Dataset Management
create
create
Creates a new dataset and uploads SignedURLs to a GCP bucket.
Arguments
Attribute | Type | Description |
---|---|---|
name | str | Name of the dataset. |
dataset_path | str | Path to the Newline-Delimited JSON (NDJSON) file. |
Return
Dataset
object containing the metadata of the newly-uploaded dataset with the following structure:
Dataset(
id='dataset_652ef566-af5c-4d52-b1e4-ec8ec6dc4b8e',
object='dataset',
name='my-dataset-08-19',
project_id='proj_ca5fe71e7592bbcf7705ea36e4f29ed4',
expiry_time=1724561116000,
status=DatasetStatus(
overview='Uploaded',
message='Uploaded Dataset',
update_time=1723697121735,
source=DatasetSource(
kind='UploadedNewlineDelimitedJsonFile',
upload_url=DatasetUploadUrl(
method='PUT',
url='',
headers=[
'content-length',
'x-goog-hash',
'x-goog-meta-datature-dataset-link',
'x-goog-if-generation-match',
'content-type'
],
expires_at_time=1723740318174
)
),
item_count=50
),
create_date=1723697118174,
update_date=1723697121774
)
Attribute | Type | Description |
---|---|---|
id | str | Dataset ID as a string. |
object | str | Object type of the dataset. |
name | str | Name of the dataset. |
project_id | str | Identifier of the project associated with the dataset. |
expiry_time | str | Expiry timestamp of the dataset, in milliseconds. |
status | DatasetStatus | Status object of the dataset. |
create_date | int | Creation timestamp of the dataset, in milliseconds. |
update_date | int | Last updated timestamp of the dataset, in milliseconds. |
Examples
Create a new dataset with a local NDJSON file path:
from datature.nexus import Client
project = Client("5aa41e8ba........").get_project("proj_b705a........")

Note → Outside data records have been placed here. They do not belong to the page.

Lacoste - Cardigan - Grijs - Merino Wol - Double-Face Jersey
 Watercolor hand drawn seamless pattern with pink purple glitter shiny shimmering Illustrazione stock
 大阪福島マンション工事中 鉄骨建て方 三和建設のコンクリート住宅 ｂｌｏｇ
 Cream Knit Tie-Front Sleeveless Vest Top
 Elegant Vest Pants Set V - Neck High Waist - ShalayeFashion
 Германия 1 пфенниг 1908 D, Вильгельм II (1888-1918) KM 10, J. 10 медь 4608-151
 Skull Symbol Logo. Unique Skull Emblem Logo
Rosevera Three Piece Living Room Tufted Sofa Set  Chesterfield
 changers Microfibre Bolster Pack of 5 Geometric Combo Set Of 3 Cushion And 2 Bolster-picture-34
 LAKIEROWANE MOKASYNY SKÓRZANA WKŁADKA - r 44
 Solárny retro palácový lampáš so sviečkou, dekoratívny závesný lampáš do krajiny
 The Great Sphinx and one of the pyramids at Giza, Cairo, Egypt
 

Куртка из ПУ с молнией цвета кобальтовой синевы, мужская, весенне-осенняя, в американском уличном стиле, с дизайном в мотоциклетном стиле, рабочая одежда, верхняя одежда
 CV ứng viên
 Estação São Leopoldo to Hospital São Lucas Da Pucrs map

project.batch.datasets.create(
name="my-dataset-08-15",
dataset_path="my-dataset.ndjson"
)
list
list
Lists all created datasets in the project.
Arguments
Name | Type | Description |
---|---|---|
pagination | dict | A dictionary containing the limit of the number of datasets to be returned in each page (defaults to 1000), and the page cursor for page selection (defaults to the first page) |
Return
PaginationResponse
object containing a list of Dataset
objects with page navigation data, with the following structure:
PaginationResponse(
next_page=None,
previous_page=None,
data=[
Dataset(
id='dataset_652ef566-af5c-4d52-b1e4-ec8ec6dc4b8e',
object='dataset',
name='my-dataset-08-15',
project_id='proj_ca5fe71e7592bbcf7705ea36e4f29ed4',
expiry_time=1724561116000,
status=DatasetStatus(
overview='Uploaded',
message='Uploaded Dataset',
update_time=1723697121735,
source=DatasetSource(
kind='UploadedNewlineDelimitedJsonFile',
upload_url=DatasetUploadUrl(
method='PUT',
url='',
headers=[
'content-length',
'x-goog-hash',
'x-goog-meta-datature-dataset-link',
'x-goog-if-generation-match',
'content-type'
],
expires_at_time=1723740318174
)
),
item_count=50
),
create_date=1723697118174,
update_date=1723697121774
)
]
)
Attribute | Type | Description |
---|---|---|
next_page | str | Page ID of the next page. |
prev_page | str | Page ID of the prev page. |
data | List[Dataset] | List of dataset metadata. |
Examples
- Default listing of datasets (shows first 1000 datasets):
from datature.nexus import Client
project = Client("5aa41e8ba........").get_project("proj_b705a........")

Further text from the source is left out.